Vasarely prône la „convergence de toutes les formes créatrices vers une civilisation-culture à l’échelle de la terre“. L’art pour lui devient un „trésor commun“. Dans cette exposition, un décor reconstitué apparaît fortement daté, depuis cette atmosphère des années 60-70, il s’agit de la salle à manger du siège social de la Deutsche Bundesbank, Francfort-sur-le-Main (1972). L’ensemble est à la fois désuet et impressionnant, tant on y retrouve une atmosphère de banque et de lieux publics d’une certaine époque, ainsi que celle de certains films.

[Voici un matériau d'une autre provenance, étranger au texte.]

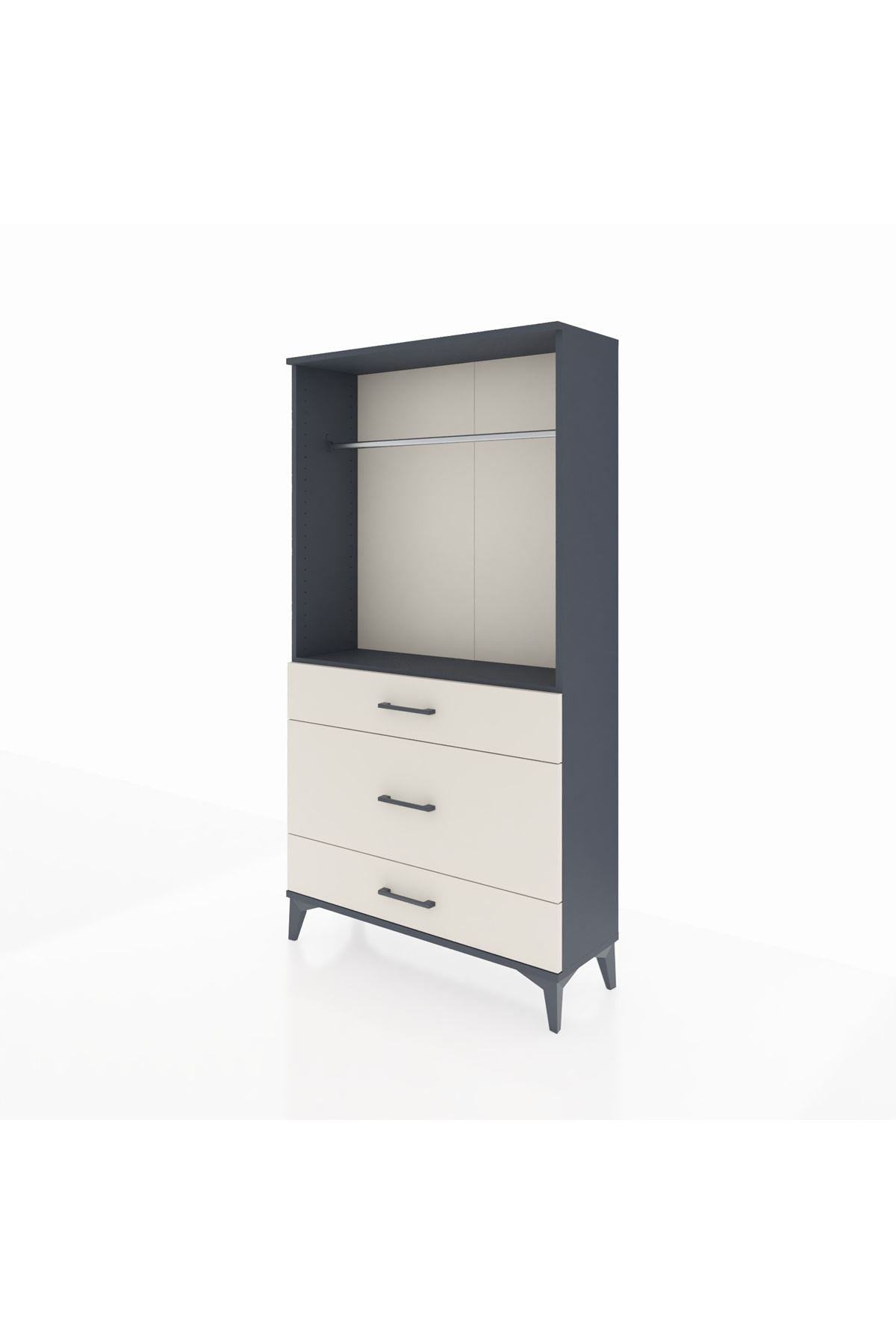 Arges Dolap Tek Raflı 3 Çekmeceli Tek Askılı 88x30x163 - S21M118V4A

Vers des rêveries cosmiques
Et l’on voit à quel point Vasarely a inspiré, influencé nombre de créateurs. Les disques monumentaux qui servent de décor sont striés horizontalement ou verticalement, de manière à accrocher la lumière qui entrait par une large baie vitrée. Cet espéranto, les années 70 s’en servent largement. Vasarely ira jusqu’à concevoir le fameux logo de Renault, et ses formes se répandront jusque dans les devantures des vitrines.
„On vend du Vasarely au mètre dans les grands magasins“, écrit-on dans la presse. Ce à quoi Vasarely répond: „Je ne suis pas pour la propriété privée des créations. Que mon œuvre soit reproduite sur des kilomètres de torchon m’est égal! Il faut créer un art multipliable.“ Soit de la Pop Abstraction jusqu’à saturation.
Vasarely a poursuivi son idée d’un art dans la ville, sous toutes ses formes. Le chantier de la cité universitaire de Caracas, en 1954, lui a offert l’opportunité d’une intégration architecturale en milieu urbain, mais aussi la gare Montparnasse à Paris, la Régie Renault de Boulogne-Billancourt, et plus tard Aix-en-Provence, avec son projet ambitieux d’une Fondation Vasarely. Ces formes ont été si bien intégrées qu’elles semblent dans un chatoiement atemporel, un effet de la lumière dans ce qui a été conçu comme un piège optique.
La dernière section de l’exposition est celle qui vibre le plus. Les œuvres nous ouvrent à des rêveries cosmiques. Des mondes nous échappent, voués aux ondes, à la relativité. L’espace se dilate de manière hypnotique, il est moins instable, plus lisible. Nous nous abandonnons au flottement spatial, pris par des volumes qui semblent saillir ou s’infléchir. En approchant de la toile, nous remarquons combien elle est de facture lisse, fragile, comme une fine membrane. Les Polychromies multidimensionnelles, par leurs courbes, vibrations et couleurs, nous emportent dans un au-delà du monde.